One of the most powerful skills in today’s business world is the ability to deliver effective presentations. Few of us are born with the raw natural talent to be great presenters. For most of us, it requires practice, coaching, and hard work to master a skill which can be intimidating and frightening. At a time when it seems there is an aversion to PowerPoint presentations, there will always be a need or requirement for career-minded individuals to be competent and comfortable speaking and presenting in front of audiences – in person or online and to employees, colleagues, or clients. Here are 6 tips to success from a career of delivering more than 300 presentations.

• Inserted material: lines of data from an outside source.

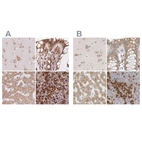 Anti-RPN1 Antibody
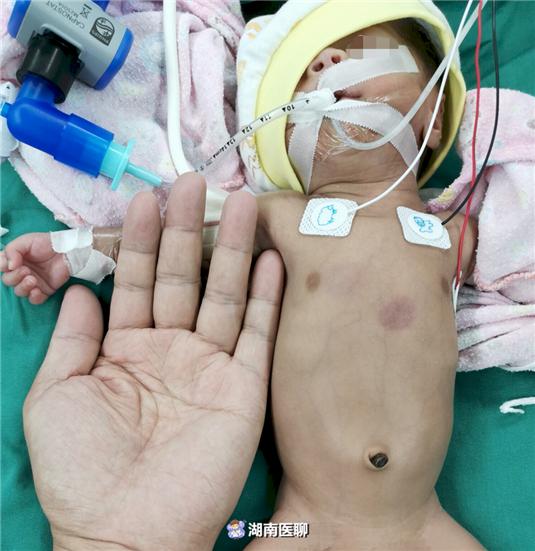 “巴掌宝宝”迎生命挑战：胰腺先天畸形，医生微小空间解肠道梗阻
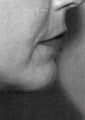 Facial Contouring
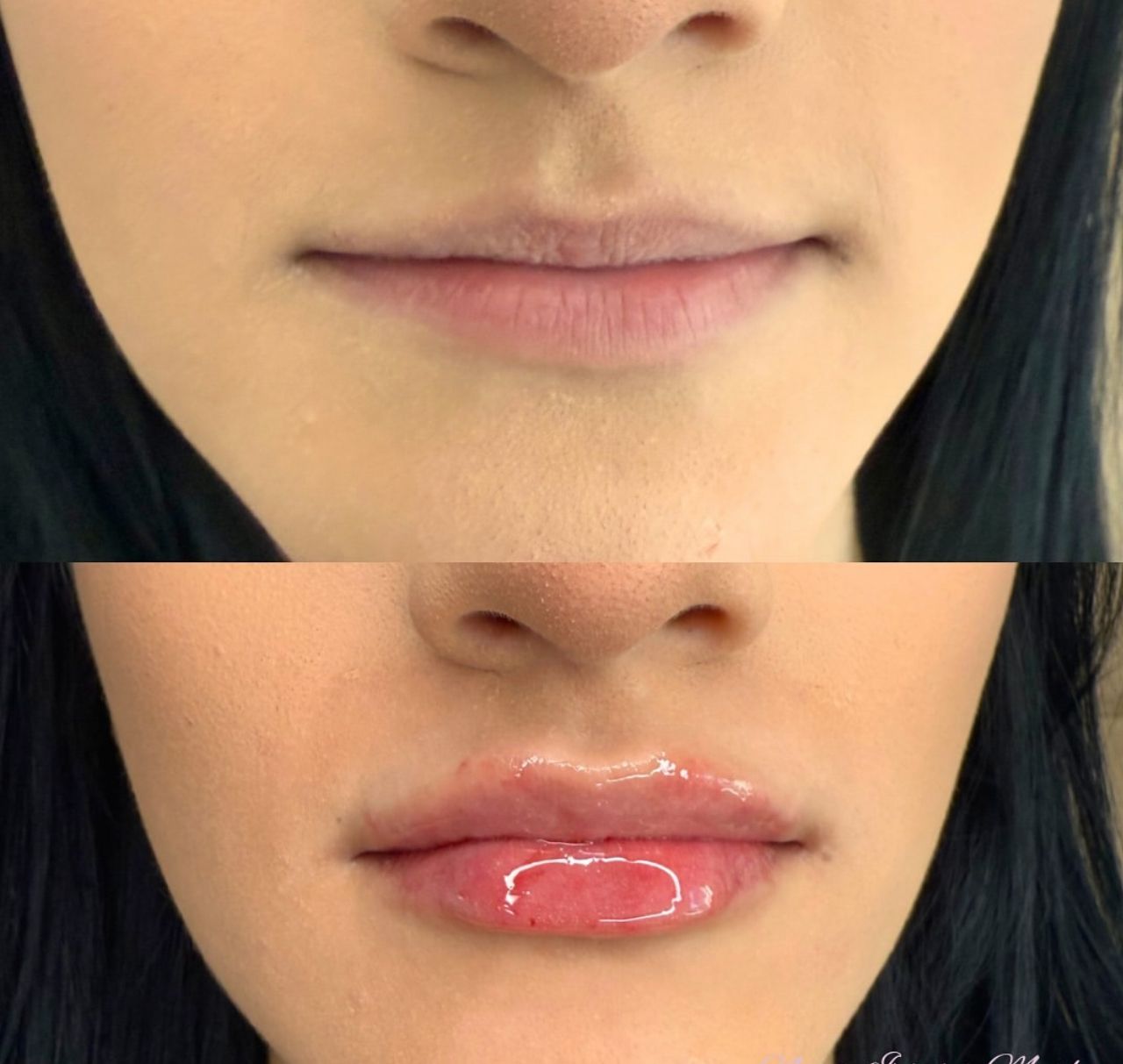 A before and after picture of a woman 's lips.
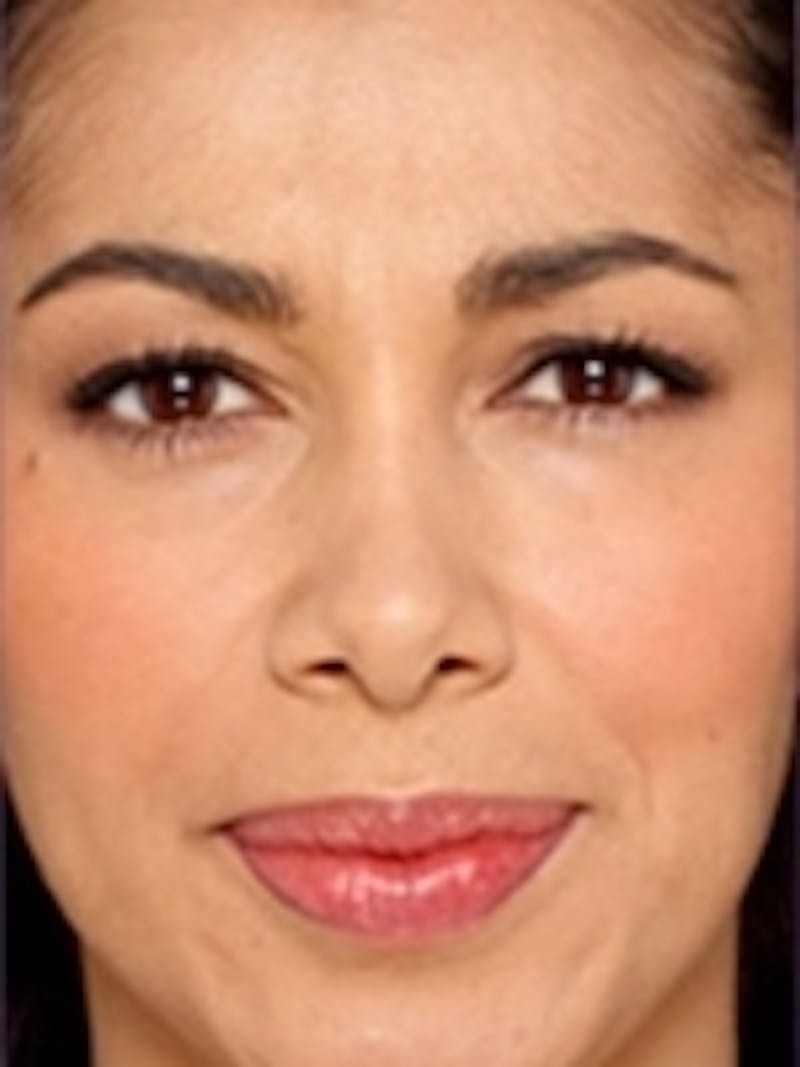 Botox Before & After Gallery - Patient 20492644 - Image 2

1 Start with the end in mind

One of the most difficult steps in delivering effective presentations is the development of the presentation itself. We often struggle organizing a presentation so it delivers the messages you want, is well organized and flows nicely, and is visually appealing (if using visual aids). Start with end in mind. Identify 3-5 key messages you want the audience to remember. Once you have your messages, build your presentation around those messages. Create an outline for your presentation and fill in the blanks – introduction, body and content, value proposition of very most important takeaway message, and closing.

2 Keep it simple

We hear it often – keep it simple. I recall preparing a presentation for a CEO in the Middle East about 5 years ago. I worked on it for about a week and went into the meeting ready to deliver about a 45 minute presentation. Before I started, the CEO turned to me and said “I have about 15 minutes so please just hit the highlights of what you are proposing and how it will solve our issues.” This was a great reminder of how most of us our today – busy and overloaded with information. I improvised and shortened a 45- minute presentation into about 12 minutes. Always be ready to deliver an “executive summary” of your presentation if needed.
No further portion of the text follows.